Recent statistics show OxyContin sales at an all-time high; outselling all other prescription pain medications. The drug is an opiate, similar to morphine and heroin, and as such, is extremely addictive. Users can ingest orally, smoke, snort and inject the substance, making it one of the more versatile drugs in use today. Continued OxyContin use can lead to a variety of negative effects, addiction being one of the worst.
OxyContin dependence reduction can be difficult, as many medical doctors tend to write prescriptions that exceed the amount required to ensure a comfortable and healthy recovery.
OxyContin is generally prescribed to cancer patients and others who suffer from serious, chronic illnesses that generate tremendous amounts of pain that cannot be alleviated with mild pain killers. Due to its powerful effects, OxyContin users undergo withdraw symptoms after being taken off the drug. In the last few years the number of people who abuse OxyContin has gone up and so have the number of patients seeking help at addiction treatment centers.

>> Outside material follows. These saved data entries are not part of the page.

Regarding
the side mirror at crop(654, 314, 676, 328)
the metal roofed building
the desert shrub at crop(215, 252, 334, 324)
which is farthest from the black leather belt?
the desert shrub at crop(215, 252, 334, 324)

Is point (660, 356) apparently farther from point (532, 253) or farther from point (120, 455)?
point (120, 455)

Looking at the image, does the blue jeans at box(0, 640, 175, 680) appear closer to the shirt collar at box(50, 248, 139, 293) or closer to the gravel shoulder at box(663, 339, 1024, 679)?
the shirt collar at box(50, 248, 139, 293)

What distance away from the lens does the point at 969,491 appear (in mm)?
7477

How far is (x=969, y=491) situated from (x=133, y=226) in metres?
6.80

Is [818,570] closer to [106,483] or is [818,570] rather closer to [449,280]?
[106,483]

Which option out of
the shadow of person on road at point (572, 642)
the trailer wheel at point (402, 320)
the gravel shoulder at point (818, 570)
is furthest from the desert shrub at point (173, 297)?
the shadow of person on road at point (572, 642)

If you or someone you know are addicted to OxyContin and can't stop using the drug, please find professional help. Because addiction is typically a chronic disease, people cannot simply stop using the drug of their choice for a few days and be cured. Most patients addicted to prescription drugs require long-term or repeated episodes of care to achieve the ultimate goal of sustained abstinence of the drug and recovery of their lives.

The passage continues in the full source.